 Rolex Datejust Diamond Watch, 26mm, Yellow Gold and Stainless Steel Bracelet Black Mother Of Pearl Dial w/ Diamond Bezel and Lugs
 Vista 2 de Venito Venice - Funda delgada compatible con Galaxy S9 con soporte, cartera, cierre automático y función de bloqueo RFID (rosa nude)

————

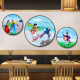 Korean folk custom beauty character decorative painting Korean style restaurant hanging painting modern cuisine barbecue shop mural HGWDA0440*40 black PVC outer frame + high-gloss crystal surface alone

————

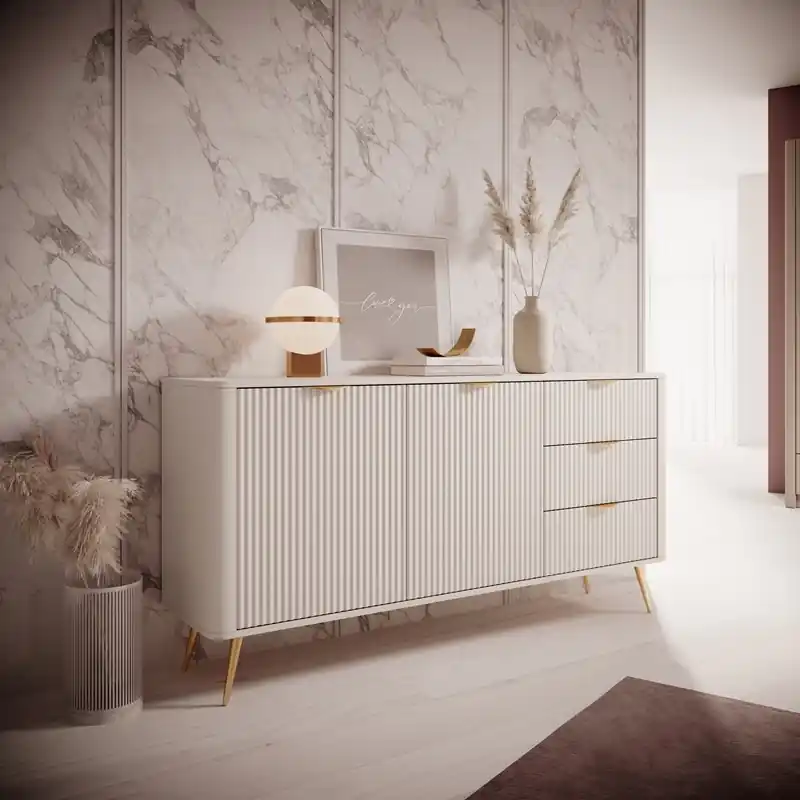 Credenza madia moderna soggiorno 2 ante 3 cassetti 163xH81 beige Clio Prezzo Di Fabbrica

————

■ **Activity**:
Taking the entries above, restate exactly those lines that fall between the line with "Rolex Datejust Diamond" and the line with "Vista 2 de Venito", keeping both of those lines too.

■ **Answer**:
 Rolex Datejust Diamond Watch, 26mm, Yellow Gold and Stainless Steel Bracelet Black Mother Of Pearl Dial w/ Diamond Bezel and Lugs
 Vista 2 de Venito Venice - Funda delgada compatible con Galaxy S9 con soporte, cartera, cierre automático y función de bloqueo RFID (rosa nude)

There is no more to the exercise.